━━━ STUDY MATERIAL ━━━

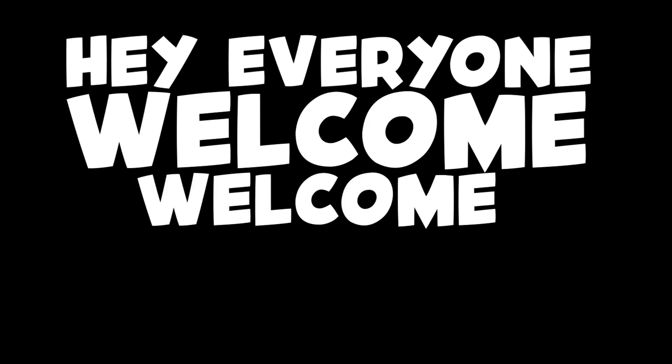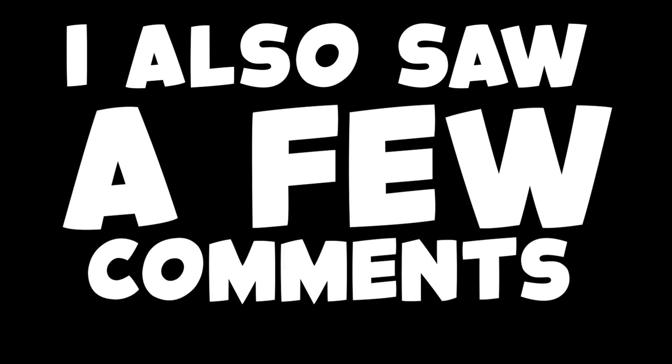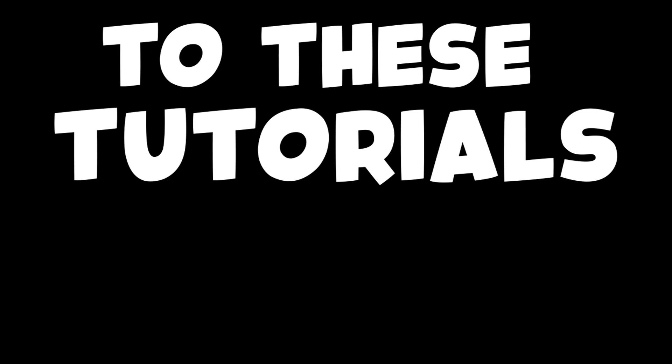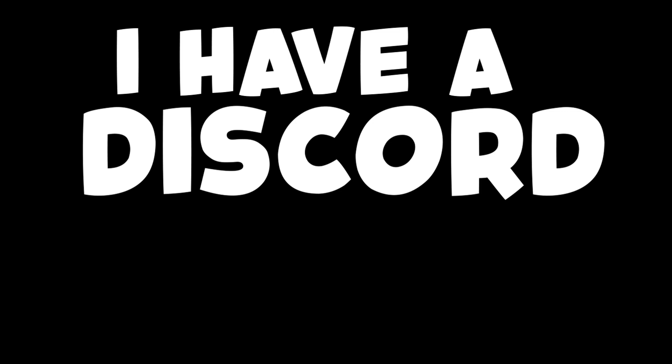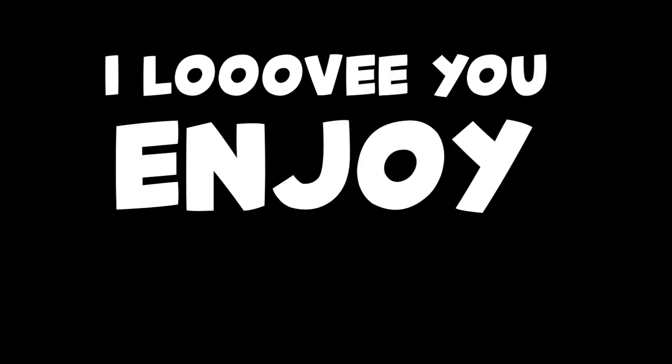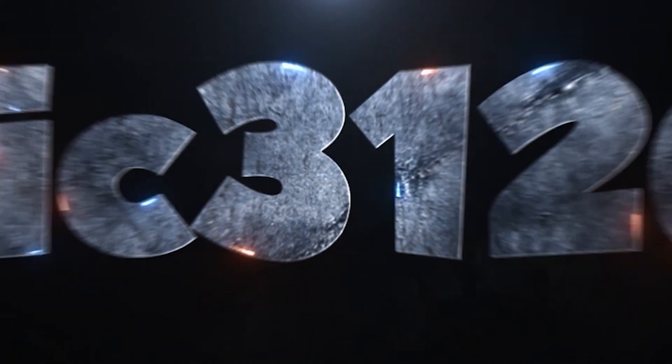Hey everyone, welcome. So this is part 2. I also saw a few comments asking for help. Listen, you have to pay close attention to these tutorials and do what I do so you don't mess up. Also, I have a Discord server, feel free to join, link in description. I love you, enjoy the video.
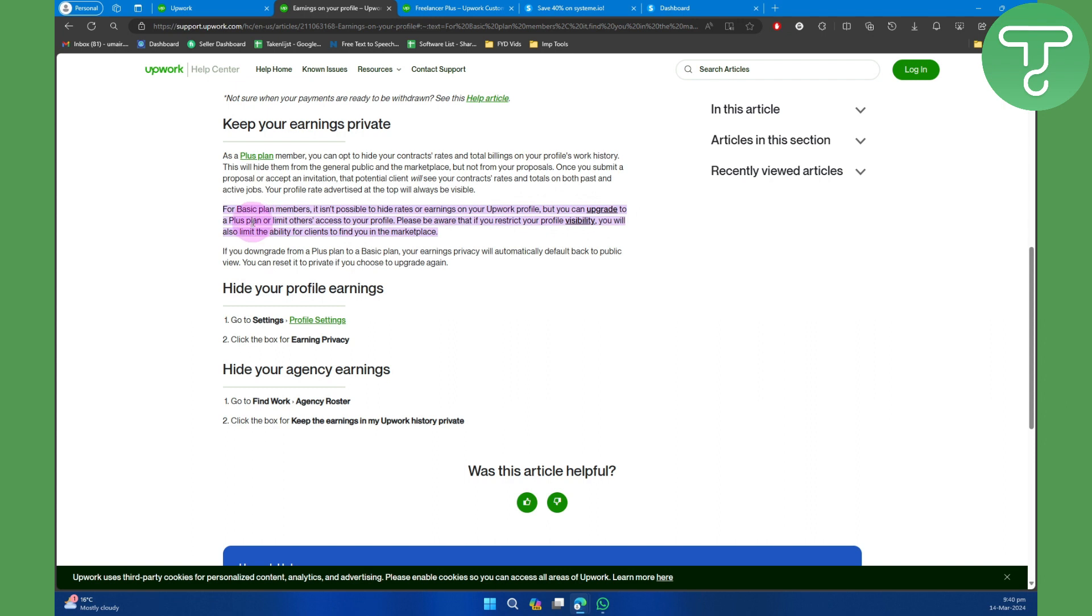Please be aware that if you restrict your profile visibility, you will also limit the ability for clients to find you in the marketplace. If you downgrade from a Plus plan to a Basic plan, your earnings privacy will automatically default back to public view.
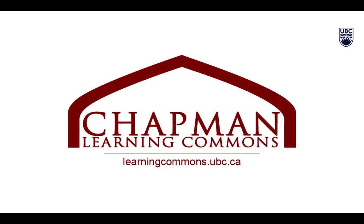Thanks for watching! For more information and to view our other foundational skills videos, visit learningcommons.ubc.ca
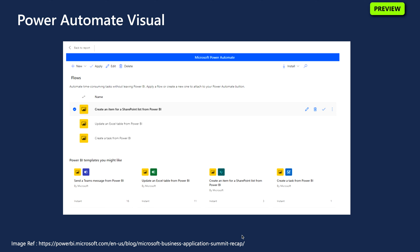The Power Automate Visual will empower end users to go from insight to action. Users can run an automated flow all within a Power BI report. The executed flow can be data-contextual, meaning the flow inputs can be dynamic based on the filters set by the end user.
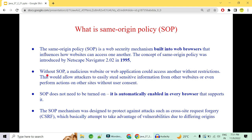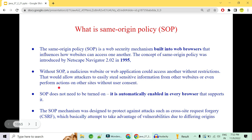We then understood that hackers and attackers could steal sensitive information from websites and perform unwanted actions without consent — like deleting or fetching data that they are not allowed to access from the database. To address this, in 1995 the same origin policy was introduced and automatically embedded into every browser that supports it. It is enabled by default. This mechanism was designed to protect against CSRF — Cross-Site Request Forgery — which is an attempt to exploit vulnerabilities due to difference in origins.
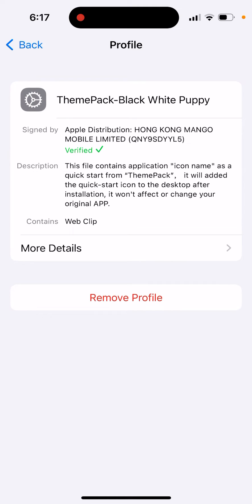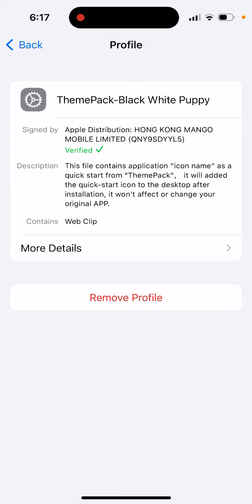If you think that this profile is somehow intruding your privacy or you just don't feel safe that it's there, I sometimes also feel not quite safe when this configuration profile is installed, so you can just tap Remove Profile and it will be removed. So there you have it.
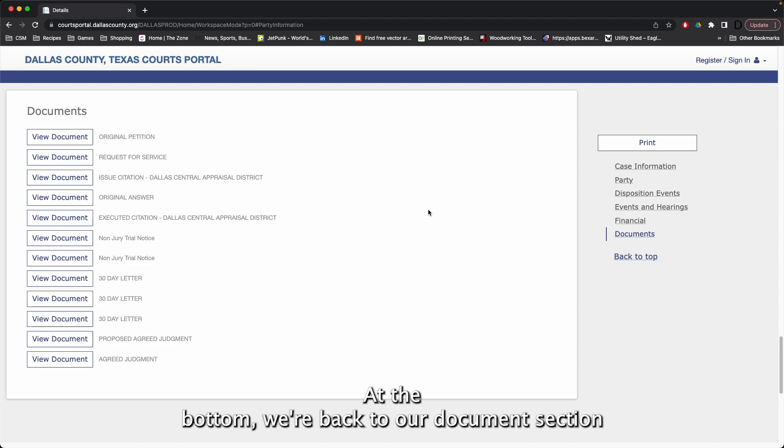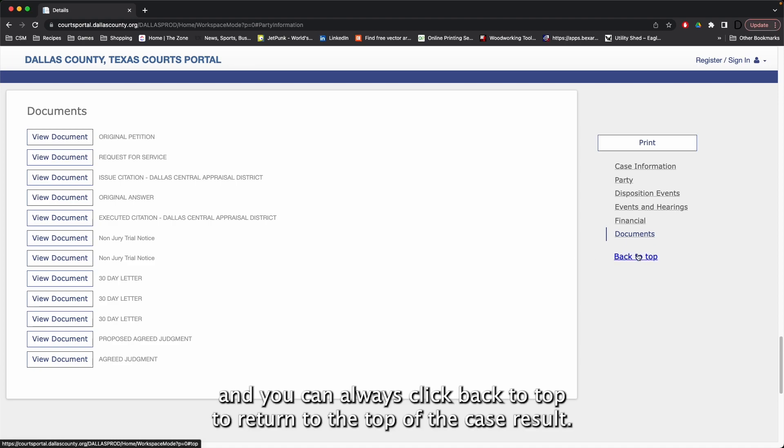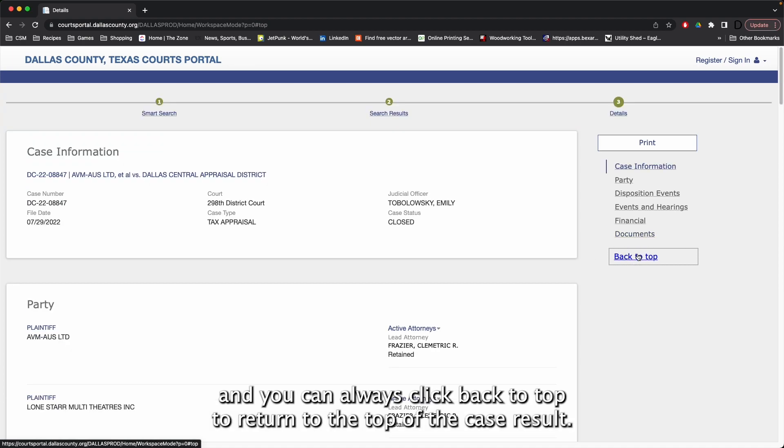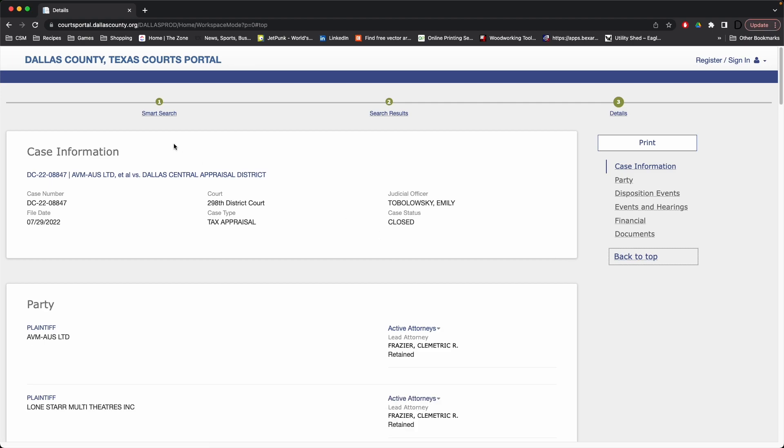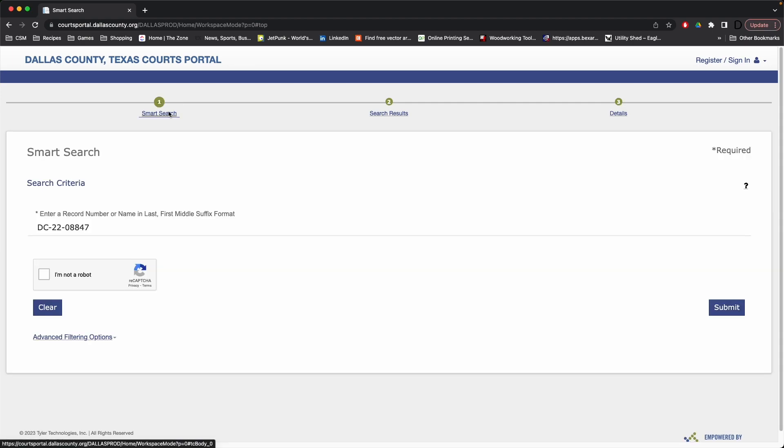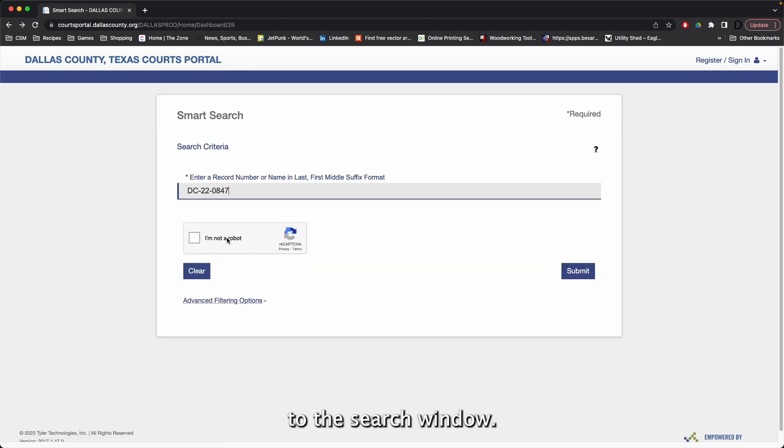At the bottom, we're back to our Documents section, and you can always click back to top to return to the top of the case result. Clicking Smart Search will take us back to the search window. This time, we'll search for a party.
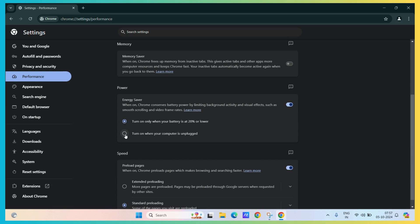And now, the other option which is more efficient and will save more power of your device, you need to turn on the second option which states, turn on whenever your computer is unplugged.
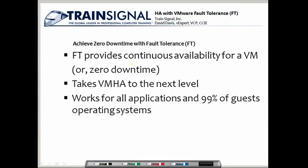This will help you to achieve zero downtime in your infrastructure. Fault tolerance provides continuous availability for a virtual machine — zero downtime, meaning it never goes down. In my mind, what fault tolerance does is it takes VMHA to the next level.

━━━

Only the lines above starting with the line with "The Power Automate" and going on through the line with "And now, the" belong in the answer; repeat them exactly, minus any picture.

The Power Automate Visual will empower end users to go from insight to action. Users can run an automated flow all within a Power BI report. The executed flow can be data-contextual, meaning the flow inputs can be dynamic based on the filters set by the end user.
We then understood that hackers and attackers could steal sensitive information from websites and perform unwanted actions without consent — like deleting or fetching data that they are not allowed to access from the database. To address this, in 1995 the same origin policy was introduced and automatically embedded into every browser that supports it. It is enabled by default. This mechanism was designed to protect against CSRF — Cross-Site Request Forgery — which is an attempt to exploit vulnerabilities due to difference in origins.
If you think that this profile is somehow intruding your privacy or you just don't feel safe that it's there, I sometimes also feel not quite safe when this configuration profile is installed, so you can just tap Remove Profile and it will be removed. So there you have it.
At the bottom, we're back to our Documents section, and you can always click back to top to return to the top of the case result. Clicking Smart Search will take us back to the search window. This time, we'll search for a party.
And now, the other option which is more efficient and will save more power of your device, you need to turn on the second option which states, turn on whenever your computer is unplugged.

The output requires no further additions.